DATASET EXTRACT
((

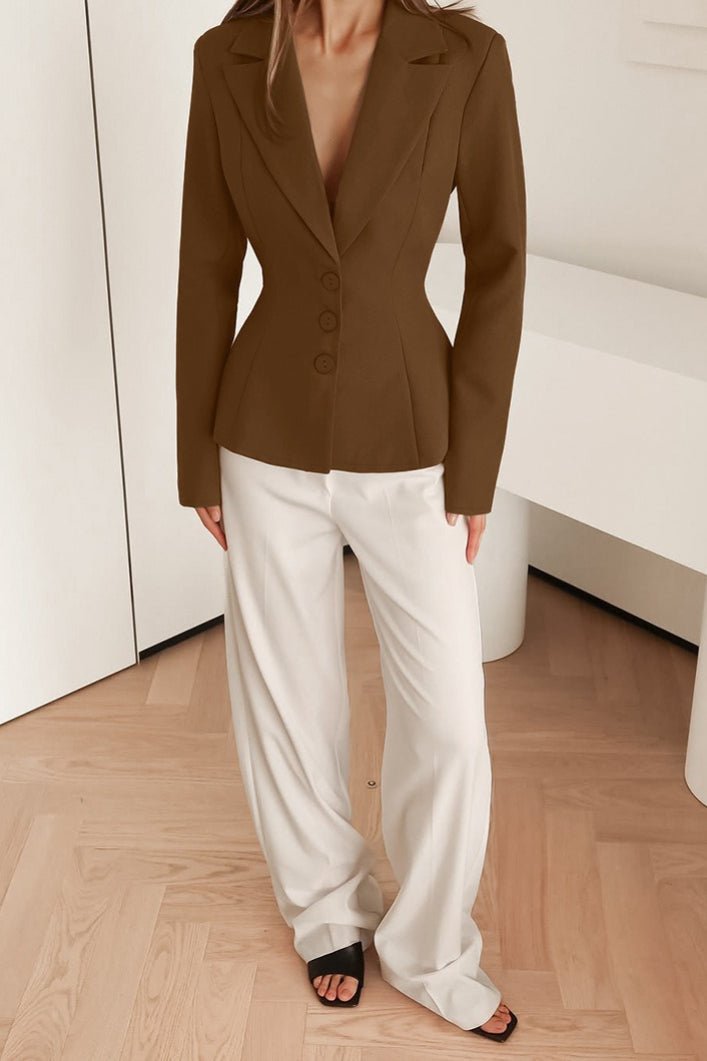 Vivienne Fitted V-Neck Padded Shoulder Blazer
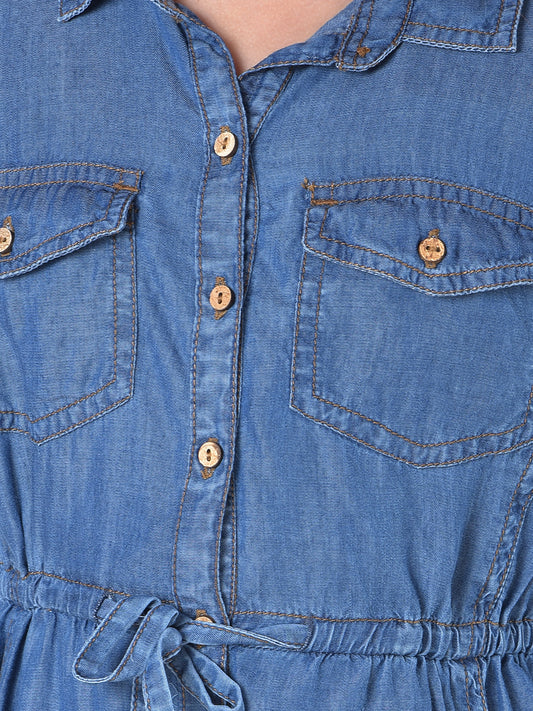 Casual Dress for Girls | Breathable & Soft with Color Fastness Regular Fit Spread Collar Cotton Fabric Solid Pattern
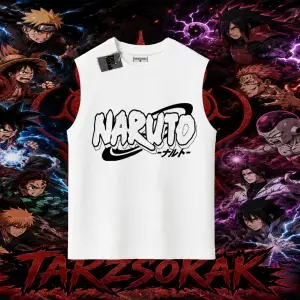 Naruto Uzumaki Premium Anime Oversize Unisex Kolsuz Tişört Beyaz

))

Restate the data word for word and exclude every picture.

 Vivienne Fitted V-Neck Padded Shoulder Blazer
 Casual Dress for Girls | Breathable & Soft with Color Fastness Regular Fit Spread Collar Cotton Fabric Solid Pattern
 Naruto Uzumaki Premium Anime Oversize Unisex Kolsuz Tişört Beyaz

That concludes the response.